Monday, 26th January 2015

The OED’s definition of Derrida’s notion of différance is, ‘The impossibility or indefinite deferral of any ultimate or metaphysical signification, on account of the constantly changing and proliferating relationships between the linguistic signs in any sentence or utterance’. Dictionary definitions are in fact antithetical to the idea of différance: a standard, textbook way of explaining the theory is to point out that a dictionary can never make meaning de-finite, because each definition comprises yet more words to look up. (It’s the opposite of Wikipedia’s ‘Getting to Philosophy’ – or is it the same?) So the OED definition of différance takes one to those of impossibility, metaphysical, relationship, etc.
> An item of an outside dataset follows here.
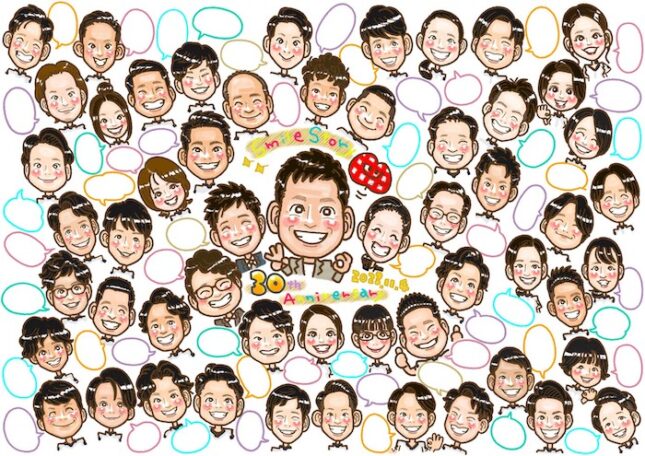 退職祝い似顔絵 制作事例3
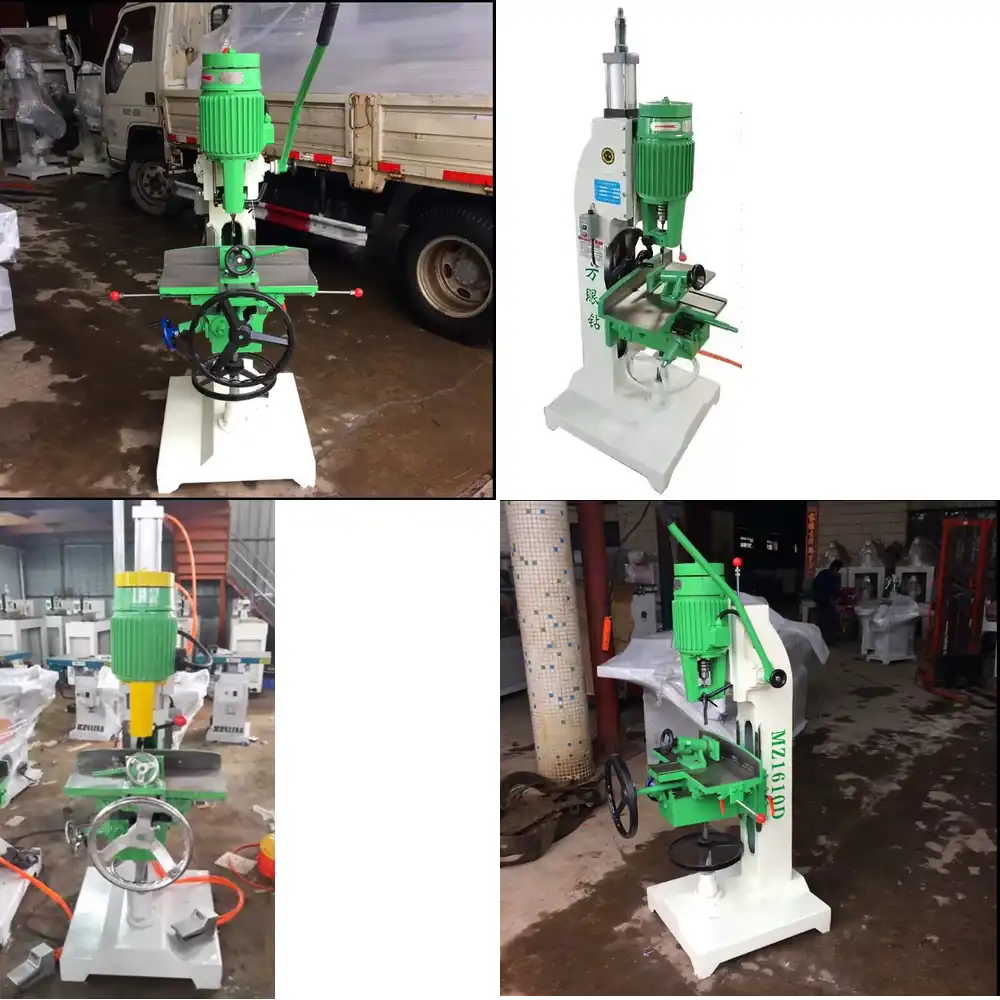 Woodworking Machines - Mesin Bor Lubang Persegi Vertikal untuk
An exception to this is the OED’s definition of Butskellism, which I rewrote last week for my own of Osballs. Butskellism, the definition reads, is ‘The economic policy of Butler, regarded as largely undifferentiable from that of his predecessor and Shadow Chancellor Gaitskell’. But I look up undifferentiable and there are ‘No dictionary entries found’. This is the only example I’ve seen of a non-technical term being employed in an OED definition despite being itself undefined.*

* Sunday, 3rd July 2016: other examples are scuffling-plough, used in the definition of wing-bar, and self-aggrandizing, used in that of smack talk.